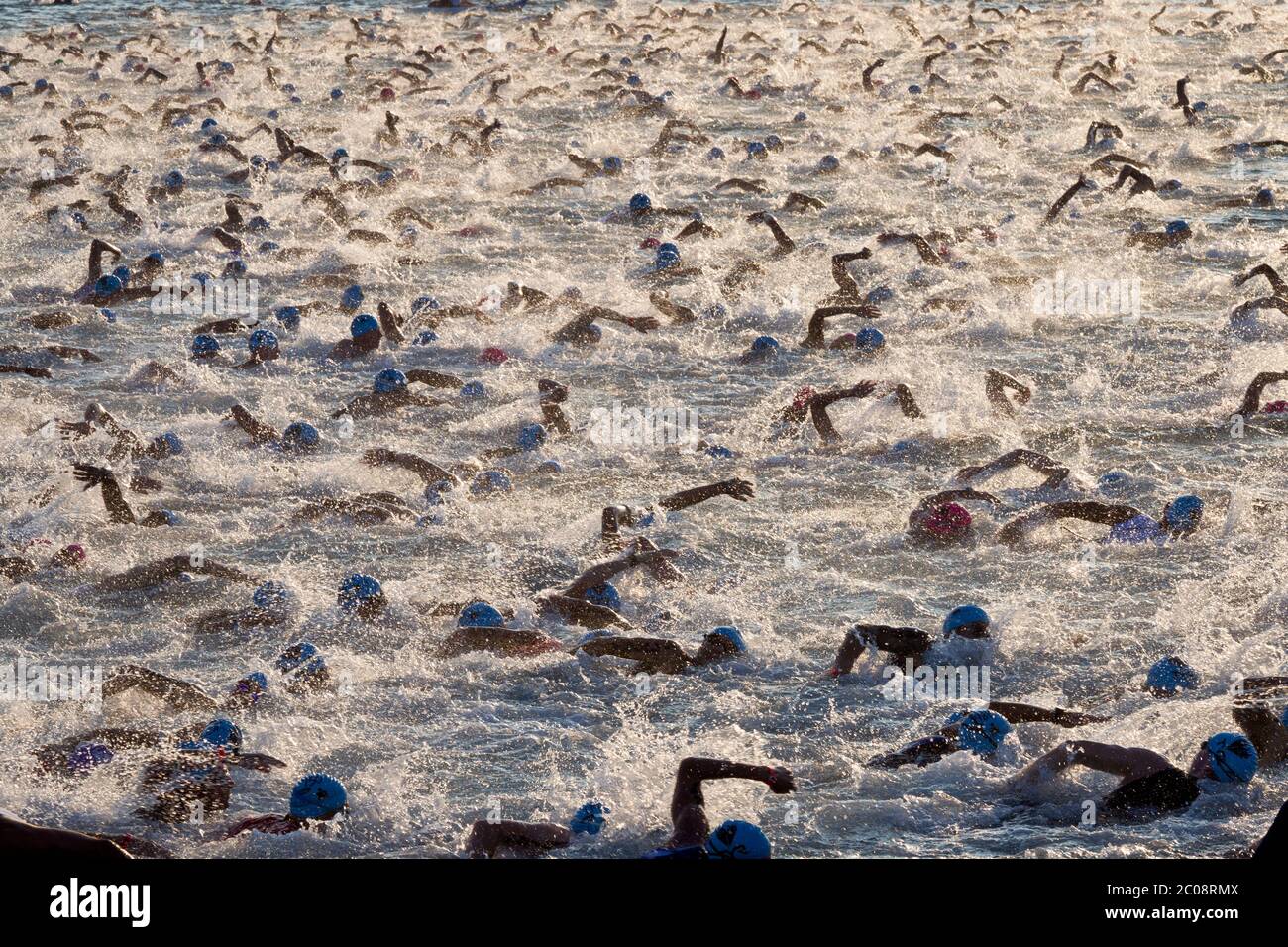 Schwimmen Start der Weltmeisterschaft Ironman Triathlon, Kailua Kona, Hawaii. Stockfoto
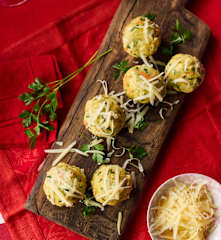 Semmel-Käse-Knödel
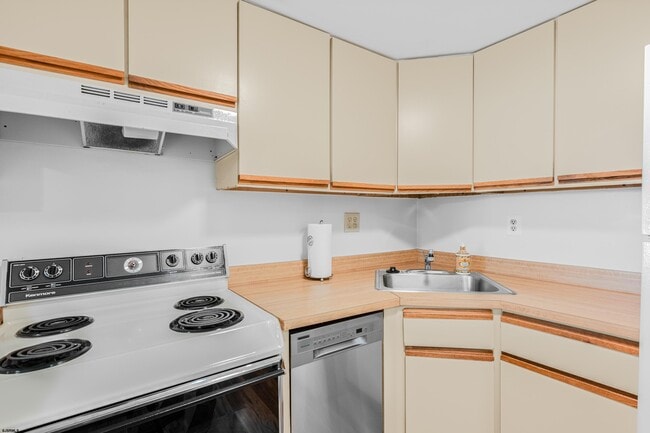 Building Photo - 9609 Pacific Ave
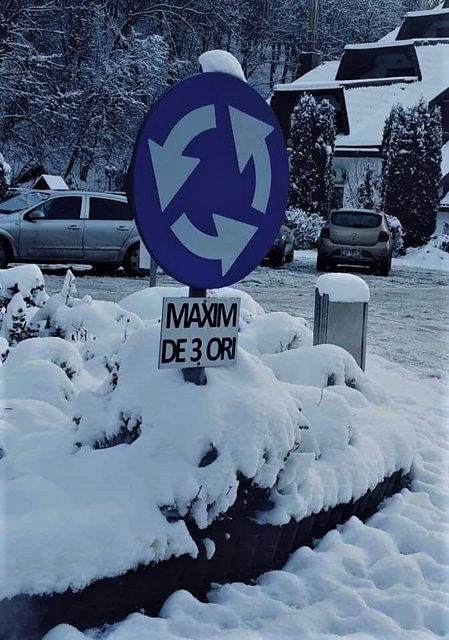 Sensul giratoriu în care ai voie să te învârți de cel mult trei ori. Unde se află acesta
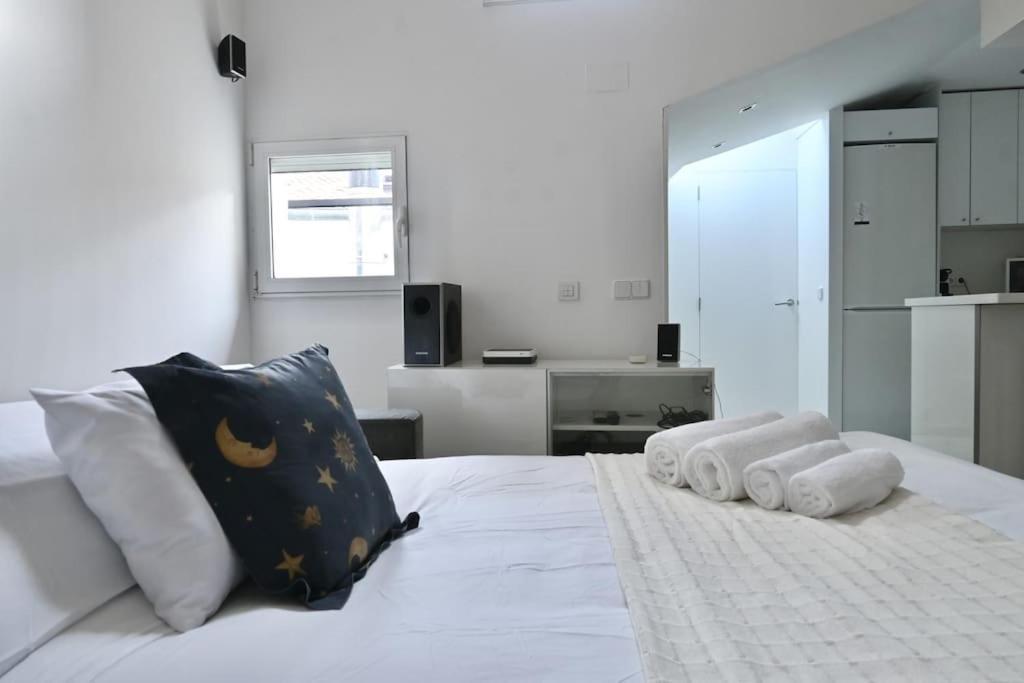 For You Rentals Apartamento Temporal Con Encanto A Pocos Metros Del Sol Myr13 Madri Exterior foto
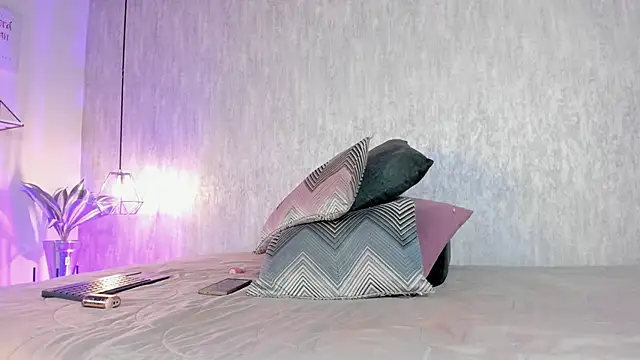 Eva Zc online show from 09-24-25, 03:32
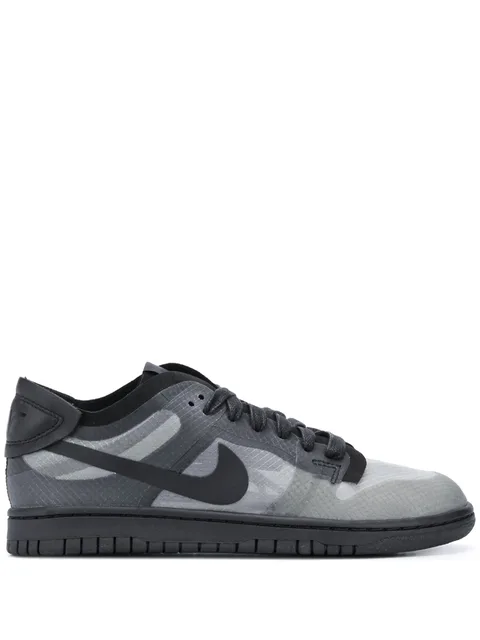 кроссовки Dunk из коллаборации с Comme des Garçons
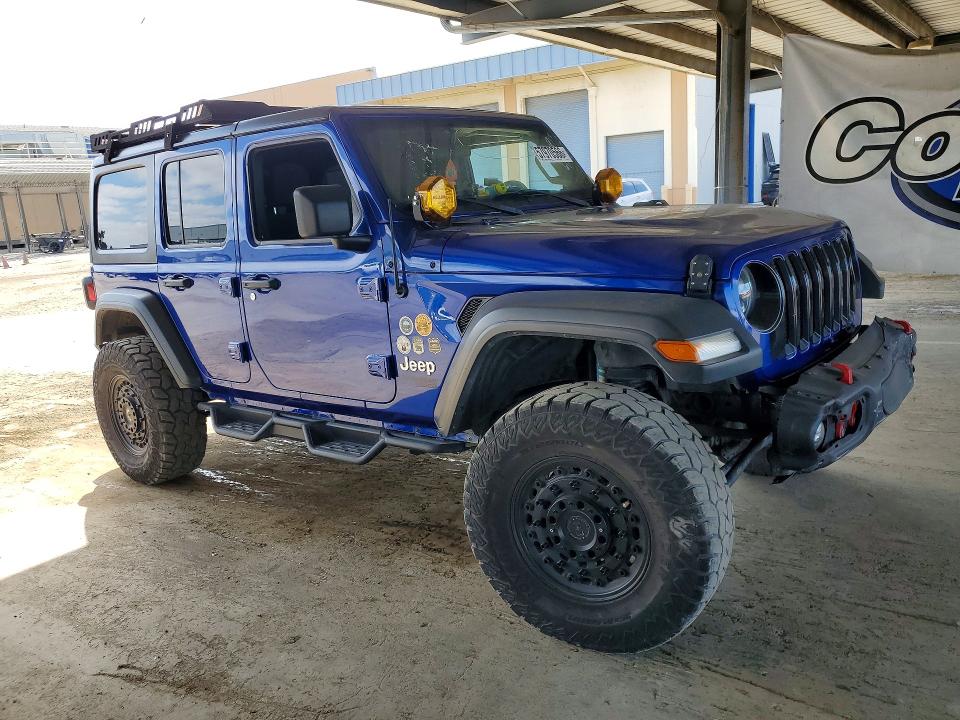 2018 Jeep Wrangler unlimited VIN 1C4HJXDNXJW331973 COPART salvage auction — FRONT END, CA - SALVAGE CERTIFICATE, sold $10,700 on 2026-07-16 (photo 4)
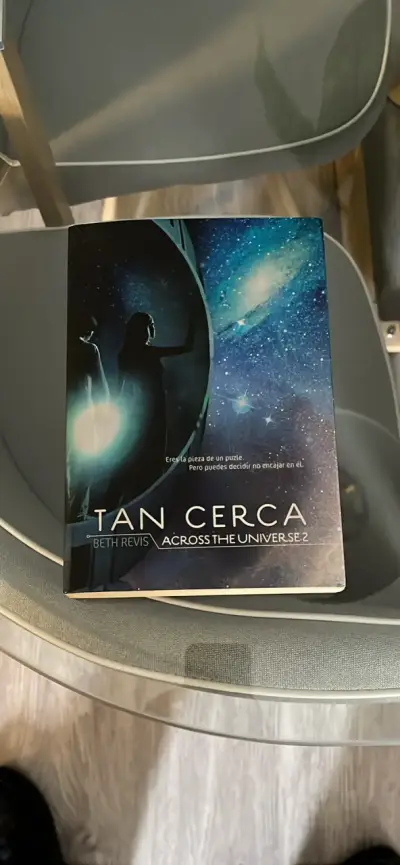 Libro 'Tan Cerca' de Beth Revis - miniatura 1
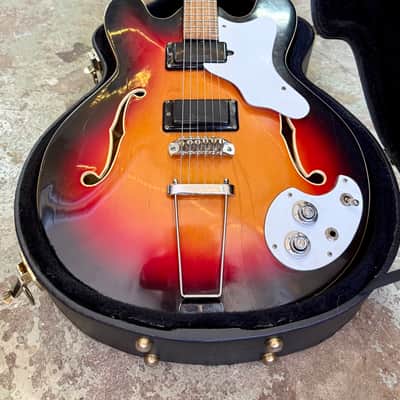 Mosrite Celebrity 3 c 1967 - Sunburst original vintage USA Mosley image 3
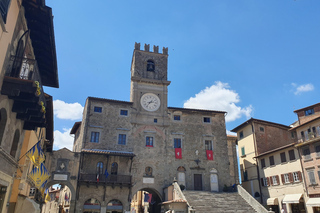 Cortona: Guided Walking Tour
::::::::
* _Task objective_
Each line of the data above must be repeated exactly, images excluded.

* _Expected output_
 Schwimmen Start der Weltmeisterschaft Ironman Triathlon, Kailua Kona, Hawaii. Stockfoto
 Semmel-Käse-Knödel
 Building Photo - 9609 Pacific Ave
 Sensul giratoriu în care ai voie să te învârți de cel mult trei ori. Unde se află acesta
 For You Rentals Apartamento Temporal Con Encanto A Pocos Metros Del Sol Myr13 Madri Exterior foto
 Eva Zc online show from 09-24-25, 03:32
 кроссовки Dunk из коллаборации с Comme des Garçons
 2018 Jeep Wrangler unlimited VIN 1C4HJXDNXJW331973 COPART salvage auction — FRONT END, CA - SALVAGE CERTIFICATE, sold $10,700 on 2026-07-16 (photo 4)
 Libro 'Tan Cerca' de Beth Revis - miniatura 1
 Mosrite Celebrity 3 c 1967 - Sunburst original vintage USA Mosley image 3
 Cortona: Guided Walking Tour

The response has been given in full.